Los números del coronavirus en Puerto Rico han estado mostrando un alza desde hace varias semanas. Primero, la tasa de positividad se fue elevando paulatinamente. Las cifras ya superan el 23% y los contagiados engrosan los datos del Departamento de Salud. En un principio, el renglón de las hospitalizaciones se había mantenido estable. Los ingresados en las distintas instituciones hospitalarias no representaban números para alarmarse. Pero, todo cambió. Se ha visto un aumento en personas recluidas y ya el martes rondaba en las 200.

Es de conocimiento que todo ello es materia de debate entre la comunidad científica y las autoridades gubernamentales. Estos últimos rehúyen retornar las restricciones, mientras los primeros comentan los repuntes en China y otros países a modo de advertencia.

Un anuncio sobre el uso de las mascarillas creó confusión. Unos interpretaron que la orden de utilizar los cubre bocas en lugares cerrados, con más de mil personas, era compulsorio. El pasado fin de semana fue uno festivo, pues se dieron al menos tres conciertos multitudinarios. El primero reunió a los amantes del pop rock en español. El segundo explotó el Coliseo José Miguel Agrelot cuando Juan Luis Guerra los puso a bailar a todos. Finalmente, Carolina albergó un evento del género urbano que también convocó a miles de personas. En los tres se levantó la preocupación del pobre uso de las mascarillas. Y la pregunta en común: ¿la intervención del Departamento de Salud? Es ahí, cuando se descubre que lo compulsorio era meramente una sugerencia.

Puedo entender la presión que se ejerce desde el punto de vista económico. El sector del entretenimiento fue barrido por la pandemia. La cancelación de los eventos representó un roto predecible en los bolsillos de empresarios y artistas. No obstante, es necesario coordinar esfuerzos un poco más contundentes. Es correcto que se tienen las herramientas de las vacunas. Es correcto que se tienen las medicinas para atender a los pacientes que llegan a los hospitales. Es cierto que tenemos una sociedad que lleva dos años experimentando la realidad del coronavirus. Pero no se puede ser tan laxo.

Confiamos en nuestros adultos y su sentido común y ya vemos por dónde andamos.

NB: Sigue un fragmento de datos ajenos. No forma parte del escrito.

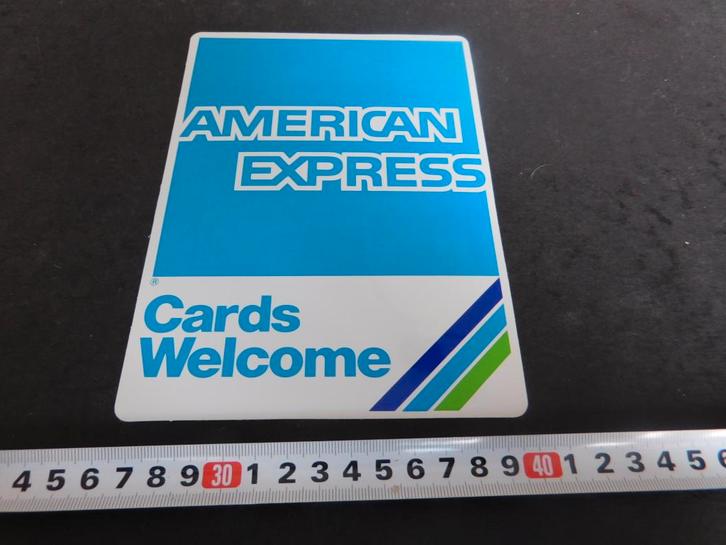 sticker deursticker American Express Cards Welcome  Klein, Verzamelen, Stickers, Zo goed als nieuw, Ophalen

Sin embargo, queremos ser fuertes con nuestros niños y jóvenes. El COVID-19 ha impactado el aspecto emocional de ese sector. No tan solo los sumergió en las lagunas de un sistema online que fomentó el rezago académico. Se cortó el proceso de socialización. Se condenó a muchos a los ambientes tóxicos de hogares con problemas. Los registros de enfermedades mentales y emocionales meten miedo.

Desde mi punto de vista, es mejor mantener las actividades escolares, recreativas y deportivas al aire libre que cancelarlas. ¡No me venga a decir que podemos dar luz verde a un concierto de 15,000 personas en el Choliseo, pero debemos cancelar una graduación! Con mascarillas, medidas sanitarias conocidas y hasta con distanciamiento podemos permitir esta festividad. Esta generación que ha enfrentado encierros, terremotos, huracanes y el coronavirus es lo menos que se merece. Por eso aplaudo al Secretario de Educación que no fue ligerito a meterle guillotina a estos eventos, tras los pedidos de las autoridades sanitarias.

No se puede tener una política de acordeón. Si se trabajó con éxito con el grupo médico científico en los peores momentos de la pandemia, no veo por qué no se pueda trabajar de igual forma con esta potencial tercer ola del COVID-19.

Pongamos atención a nuestros menores. Esa generación es la que ocupará nuestros espacios en los años venideros y se encuentra lacerada. Meditemos ante este nuevo reto.